Silver has exceeded the price of 100 USD per ounce and has triggered a wave of enthusiasm in the markets. For many investors, it is a symbol of the strength of metals and a harbinger of further records. Polish analyst Daniel Kostecki, however, cools the emotions and argues that there is nothing behind such a sudden movement that should please the economy.

Silver has surprised everyone over the past few months. But should we be happy about it?

Expensive silver is not a reason to celebrate

Silver has reached a historic point in recent weeks. The price of the metal has, for the first time in history, surpassed the level of 100 USD per ounce, establishing a new ATH after a dynamic rally that began back in 2025. Over the last 12 months, silver prices have increased by over 200%, making this period one of the strongest increases in the history of the precious metals market.

The entire situation was commented on by Polish analyst – Daniel Kostecki. He asked directly whether we should really be happy that silver costs over 100 USD per ounce. In his opinion, it is a comparable situation to oil at 200 USD – impressive on the chart, but problematic in the real economy.

Kostecki points out an aspect that often eludes investors in euphoria. Silver is not just a speculative asset. It is an industrial metal, key to electronics, energy, automotive, and new technologies. A sharp rise in its price means higher production costs, pressure on company margins, and indirectly – higher prices for consumers.
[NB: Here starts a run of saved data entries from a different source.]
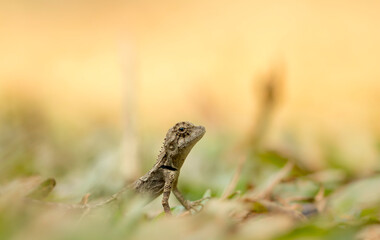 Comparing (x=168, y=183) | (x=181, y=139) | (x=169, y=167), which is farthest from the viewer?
(x=181, y=139)

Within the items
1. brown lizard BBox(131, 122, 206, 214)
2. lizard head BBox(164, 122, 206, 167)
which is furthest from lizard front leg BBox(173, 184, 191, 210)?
lizard head BBox(164, 122, 206, 167)

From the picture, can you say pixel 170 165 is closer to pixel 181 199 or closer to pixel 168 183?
pixel 168 183

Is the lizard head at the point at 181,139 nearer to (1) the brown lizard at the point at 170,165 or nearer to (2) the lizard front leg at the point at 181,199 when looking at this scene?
(1) the brown lizard at the point at 170,165

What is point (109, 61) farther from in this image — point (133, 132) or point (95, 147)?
point (133, 132)

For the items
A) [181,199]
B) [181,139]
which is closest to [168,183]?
[181,199]

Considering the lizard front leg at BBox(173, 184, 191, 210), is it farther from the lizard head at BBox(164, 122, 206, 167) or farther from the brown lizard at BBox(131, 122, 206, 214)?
the lizard head at BBox(164, 122, 206, 167)

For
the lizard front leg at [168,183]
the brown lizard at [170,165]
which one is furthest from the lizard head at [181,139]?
the lizard front leg at [168,183]

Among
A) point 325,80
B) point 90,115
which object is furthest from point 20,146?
point 325,80

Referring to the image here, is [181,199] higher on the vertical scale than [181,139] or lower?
lower
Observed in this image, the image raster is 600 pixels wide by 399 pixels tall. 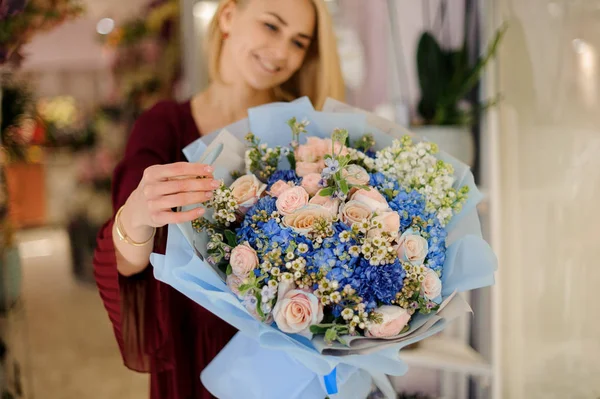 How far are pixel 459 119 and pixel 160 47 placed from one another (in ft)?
6.83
In this sense, dynamic rises in silver do not indicate the health of the system, but rather increasing tensions. In the short term, metal holders gain, but in the long term, the entire economy pays. This is exactly the same mechanism we observed in the past in the energy or food markets.

Speculation instead of real value

The analyst goes a step further and challenges the narrative that rising asset prices are inherently positive. In his view, neither stocks, nor Bitcoin, nor metals 'produce' value in a utilitarian sense, which is why they cannot be compared to silver. They mainly serve to change portfolio valuations, not to solve real technological problems.

In the case of commodities, the situation is, however, more dangerous than in the stock market. Expensive silver does not remain a financial abstraction – it directly impacts supply chains. Kostecki emphasizes that, unlike the 'pumping' of financial assets, speculation on industrial metals carries real social costs: inflation, shortages, and pressure on production.

From Kostecki's perspective, current silver prices are not a harbinger of prosperity, but a warning signal. The market shows tensions, uncertainty, and imbalance. In such conditions, the short-term gains of private investors are at odds with the interests of the broader economy.